*PROBLEM*
Your task is to retype, exactly and without pictures, the line holding "Presentation with uncertainty" and each line that follows it to the end of the entries.

*** ENTRIES SHOWN Section Begins ***

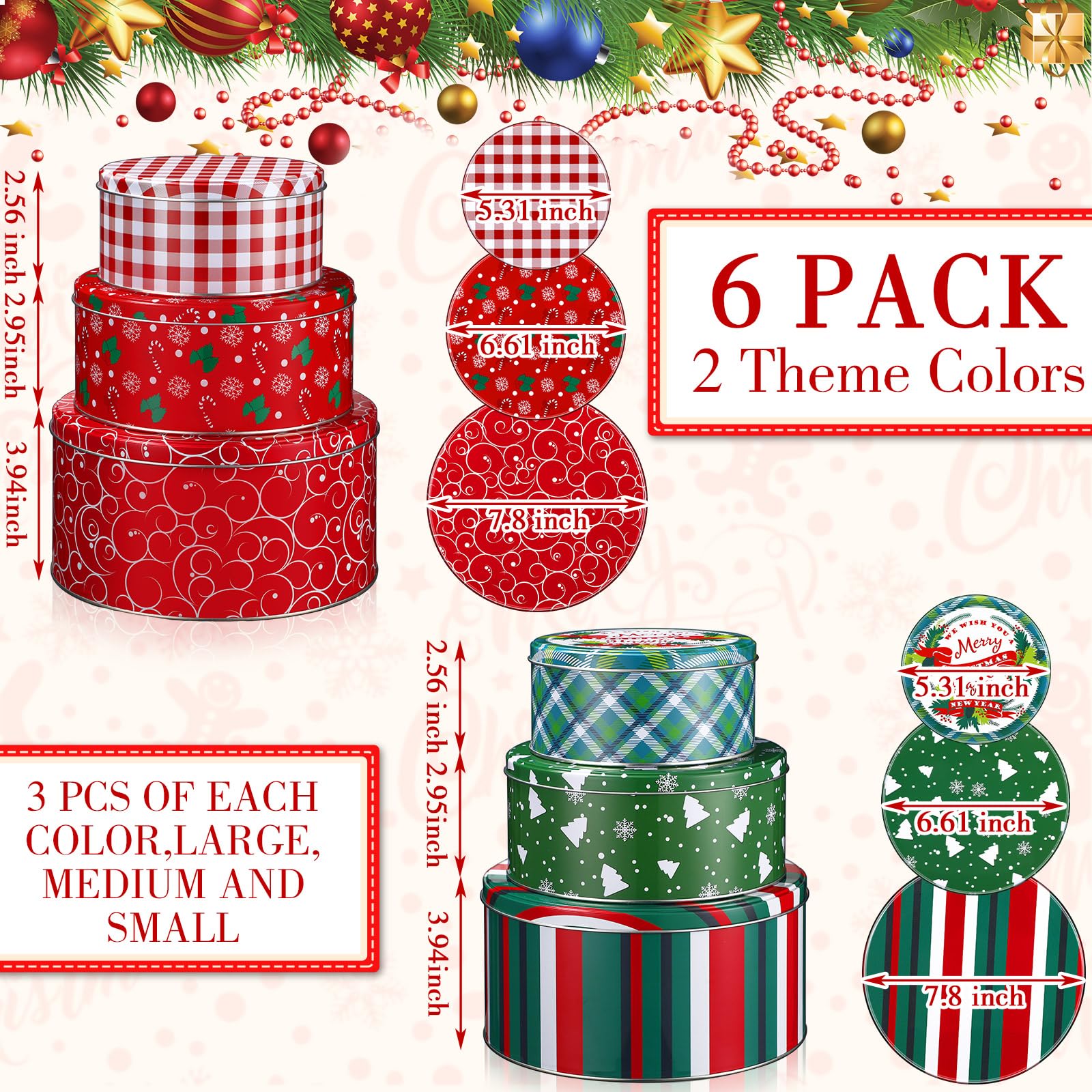 Nitial 6 Pcs Christmas Cookie Tins with Lids Nesting Metal Cookie Tins for Gift Giving Round Christmas Cookie Jar Holiday Tin Container Empty Christmas Baked Goods Boxes for Storage (Classic Style)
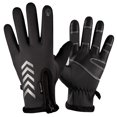 thumbnail image 1 of Winter Gloves for Women Men, Fleece-Lined Touchscreen Solid Color Waterproof Thermal Fuall Finger Gloves, Non-Slip Thermal Warm Motorcycle Ski Snow Gloves, Non-Slip Silicone, 1Pair(Black,9.4x3.9"), 1 of 7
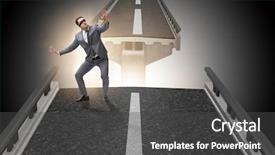  Presentation with uncertainty - Presentation design with investing edge - young businessman in uncertainty concept background and a  colored foreground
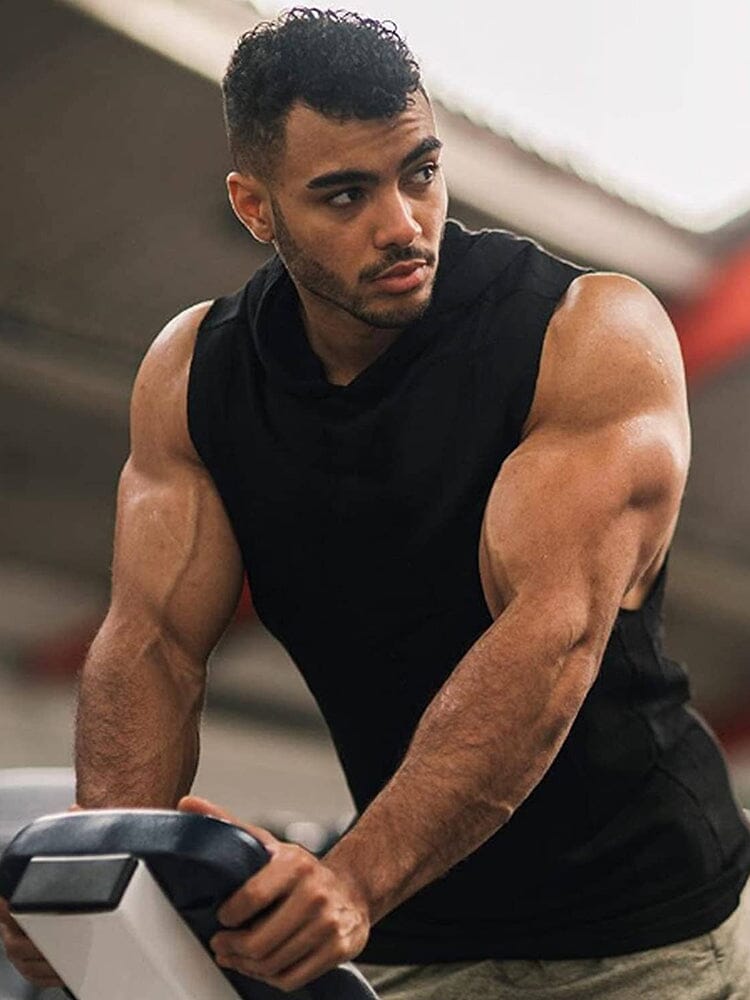 Workout Bodybuilding Muscle Sleeveless Mit Kapuze Tank Top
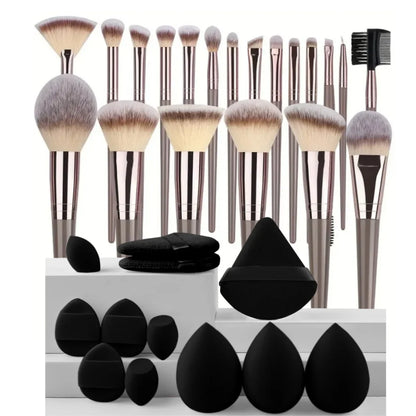 Beauty Blender, Powder Puff and Professional Brush Makeup Set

*** ENTRIES SHOWN Section Ends ***

*COMPLETED EXERCISE*
  Presentation with uncertainty - Presentation design with investing edge - young businessman in uncertainty concept background and a  colored foreground
 Workout Bodybuilding Muscle Sleeveless Mit Kapuze Tank Top
 Beauty Blender, Powder Puff and Professional Brush Makeup Set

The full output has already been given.